9 Family Road Trip "Must Haves"
By motherhoodandmore on August 11, 2013
Our family has spent the past three months slow traveling around the Western U.S. in our trusty (and jam-packed) Honda Pilot. During that time, I estimate that we've spent well over 100 hours in the car with our children, including several 8-10 hour driving stints. Miraculously, the kids now think of four or five hours in the car as no big deal.
No big deal doesn't mean all happy and skippy, however. Our kids (ages 12, 9, and 4) may be road-trip veterans, but they still moan and complain and ask how much longer we have to drive. Pretty much every trip. Sorry, no miracle cure for that one.
We can talk up the benefits of travel until we're blue in the face, but the truth is that being in the car all day isn't much fun, for kids or adults.

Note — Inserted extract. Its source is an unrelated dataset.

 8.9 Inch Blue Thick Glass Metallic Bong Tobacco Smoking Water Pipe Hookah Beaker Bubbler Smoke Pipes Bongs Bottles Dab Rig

Thankfully, we grown-ups have all kinds of deeply philosophical things to ponder while we stare out the window, decades of favorite tunes to jam to, and smartphones for the lucky parent in the passenger seat. But meditating on life and rocking out to their parents' music only lasts a matter of minutes with our kids, and then they need something else. (And they're not getting smartphones anytime soon.)
Here are eight road-trip "musts" that have worked the best for our crew:
They may not have smartphones, but we have a smattering of iPads, Kindles, iPods, etc. that our kids pass around in the car. Yes, it's a total cop-out. Totally don't care. I know some people get all sanctimonious when it comes to kids and electronics in the car, citing their own childhood road trips with no A/C, no seatbelts, and nothing but AM radio to listen to. That's cool, but my feeling is that when you're stuck in the car all day, sanity trumps sanctimony.
I'm actually a big Scrooge when it comes to screen time on a normal day, but on long road trips, I let the kids use electronics to their hearts' content (or until the batteries die, whichever happens first). Our iPads have been our best travel companions, quickly followed by the DVD player. When the DVD player went kaput, I propped up my laptop between the front seats, and that worked just as well for watching movies. On a 10-hour road trip, electronics are a total sanity-saver.
If you have a kid who loves to read and can read in the car without getting carsick, count your lucky stars and pile up the books. We don't have any of those kids. I can't read for very long in the car, either. Thankfully, before we left on our trip, a friend bought us a subscription to Audible. We get one free audiobook download a month, and can purchase others for reasonable prices. Awesome.
However, for the next stint of long travels we do, I will figure out a way to have each kid listen to his or her own audiobook with headphones. While the idea of listening to a book all together sounds great on paper, the reality is that the road noise is loud enough to make it difficult to hear sometimes, we have three kids of very different ages who enjoy different books, and as soon as someone interrupts the story to ask a question, all hell breaks loose. So audiobooks, definitely yes. Just be aware that you may have to adjust how you use them, depending on your family dynamics.
3. Paper & Pencils
On one of our stops, a friend gave us a bag of car activities, which included some tiny little blank notebooks. I handed one to our 9-year-old, and kept one for myself, and we wrote and passed notes back and forth for a good hour. She's always been a reluctant writer, so it got her writing, we got some bonding in, and the "secret" nature of it kept her interested. Sometimes we wrote questions and answers, and sometimes we wrote a story together, each writing one sentence at a time. Our 4-year-old wanted in on it, too, so I passed him notes with some simple words to read. They loved it. Kids can write notes to each other, too. Nothing but paper and a writing utensil needed. So simple.
(You could save some trees and do the same thing with a dry erase board or something, but half the fun for the kids was unfolding the note. Sorry, trees. I'll plant you a sister to make up for it someday.)